Received 28th August 2015 , Accepted 4th February 2016

First published on 5th February 2016


Abstract

Biochar is a carbon-enriched material that has been investigated for use as a remediation agent for environmental contaminants. However, in order for biochar to see practical use for metal removal, it has to be modified to improve its sorption efficiency. Layered double hydroxides (LDHs) are robust sorbents for removal of a wide array of contaminants. Thus, two LDH-biochar composites were produced by (1) pyrolysis of Ni/Fe-LDH-modified pine feedstock (NFMF), and (2) precipitation of LDHs onto pristine biochars (NFMB). Both composites were characterized and tested for their ability to remove arsenate [As(V)] from aqueous solution. X-ray diffraction, X-ray photoelectron spectroscopy, scanning electron microscopy, and energy-dispersive X-ray analyses suggested that Ni/Fe-LDH had a layered structure that was anchored on the carbonaceous surface in both NFMF and NFMB. The maximum As(V) sorption capacity of NFMF and NFMB (1.56 g kg−1 and 4.38 g kg−1, respectively) was greatly enhanced over that of the unmodified one. The results, such as increased sorption at lower solution pH, indicated that electrostatic attraction and surface complexation with hydroxyl (–OH) groups were the main As(V) sorption mechanisms for both sorbents.
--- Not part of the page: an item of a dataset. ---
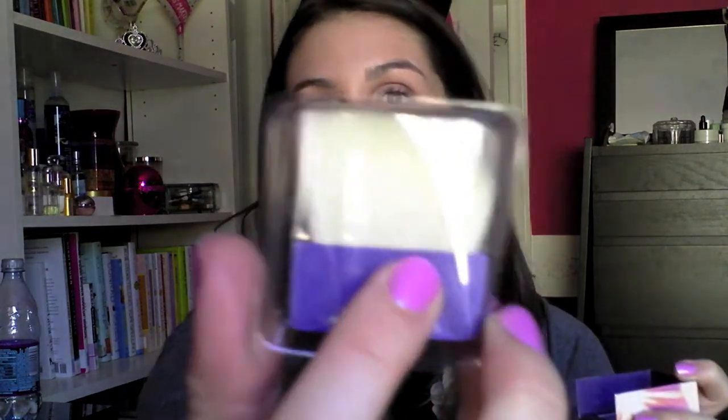The newest blush Benefit has released is called Hervana. It's supposed to be a matte blush and has the flip-open lid with a mirror. The brush is angled. Hervana looks like a pinwheel — really really pretty. I'm wearing Hervana today because it's become one of my favorite blushes. You swirl all the colors together and get a really pretty light pink that's hard to swatch but comes out beautifully on your cheeks.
The good stability and As(V) sorption make Ni/Fe-LDH modified biochars high-potential sorbents for environmental remediation.


1. Introduction

Removal of arsenate (As(V)) from aqueous solutions by sorption technology is a prevailing remediation method because the adsorption approach usually has high removal efficiency and the advantage of convenient handling.1,2 Extensive efforts have been made to develop optimized sorbents for As(V) removal. Double metal-based layered double hydroxides (LDHs) have attracted increasing interest for their high removal capacity for As(V) and other anionic contaminants.3 LDHs are formed by partial structural substitution of divalent cations by trivalent cations in the octahedral layer of divalent metal hydroxides.4 Various anions, such as nitrate, chlorine, carbonate, can be intercalated between the two layers which imbue the LDHs differing sorption capacities.5,6 Large surface area, good anion exchange capacity, good thermal stability, reversibility of structure, and flexibility of metal composition also make LDHs attractive sorbents for environmental remediation.3,6,7

The sorption of As(V) by LDHs has been attributed to several mechanisms including structure reconstruction,5,8 anion exchange, and surface complexation.3,6,9 For example, Huang et al.9 attributed As(V) sorption by Mg/Al-LDH intercalated with carbonate and chloride to ion exchange where interlayer anions was exchanged by As(V). Goh et al.6 found nitrate (NO3) intercalation of Mg/Al-LDH to increase As(V) sorption through the formation of outer layer and inner layer complexes via ion exchange and surface complexation, respectively.10

Colloidal or nanosized LDHs are usually synthesized using wet chemistry methods by co-precipitation of mixed metals in alkaline conditions followed by proper thermal treatment. For example, divalent magnesium (Mg) and trivalent aluminum (Al) are common cations to make LDH. The properties of resulting Mg/Al-LDH are largely dependent on molar ratio of cations, medium pH, calcination temperature, and intercalation anions.3,9 Other divalent cations (Ni2+, Cu2+, Co2+) and trivalent cations (Fe3+) have replaced Mg and Al respectively to obtain new LDH species for arsenic removal, e.g., Mg/Fe-LDH (precipitated with Na2CO3/NaOH and aged at 110 °C)11 and Cu/Mg/Fe-LDH.12 Ni/Fe-LDH has also been synthesized for As(V) removal which has greater As(V) removal capacity than Mg/Al-LDH.13

Environmental application of colloidal or nanosized adsorbents such as LDHs are generally most effective when they are joined to larger particles, preferable ones that are inexpensive, environmentally recalcitrant, and have additional potential environmental benefits. Biochar is such a material. It is a pyrogenic carbonaceous material that has been commonly used for carbon sequestration and soil amelioration, and recently has been used as a support framework for nanoscale particles to reduce aggregation and increase surface area.1,14–17 Thus, this study explored the potential for biochar to serve as a support for LDLs in the remediation of As(V). Previously, Mg/Al-LDH-biochar composites were synthesized with enhanced performance for phosphate removal.18,19 Because arsenic resembles phosphorus chemically, we propose LDH may be able to remove As(V) as well.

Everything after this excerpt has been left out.